━━━━━ The data
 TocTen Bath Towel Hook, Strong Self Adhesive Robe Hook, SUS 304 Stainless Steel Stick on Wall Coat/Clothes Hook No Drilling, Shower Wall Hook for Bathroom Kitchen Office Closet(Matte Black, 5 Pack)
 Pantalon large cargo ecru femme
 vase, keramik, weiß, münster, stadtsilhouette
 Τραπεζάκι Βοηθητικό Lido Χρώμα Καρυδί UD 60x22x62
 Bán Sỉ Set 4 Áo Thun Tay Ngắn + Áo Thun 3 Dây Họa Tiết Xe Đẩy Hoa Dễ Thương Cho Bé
━━━━━━━━━━
What is expected: Write the entries out once more, exactly as given.

Completed task:
 TocTen Bath Towel Hook, Strong Self Adhesive Robe Hook, SUS 304 Stainless Steel Stick on Wall Coat/Clothes Hook No Drilling, Shower Wall Hook for Bathroom Kitchen Office Closet(Matte Black, 5 Pack)
 Pantalon large cargo ecru femme
 vase, keramik, weiß, münster, stadtsilhouette
 Τραπεζάκι Βοηθητικό Lido Χρώμα Καρυδί UD 60x22x62
 Bán Sỉ Set 4 Áo Thun Tay Ngắn + Áo Thun 3 Dây Họa Tiết Xe Đẩy Hoa Dễ Thương Cho Bé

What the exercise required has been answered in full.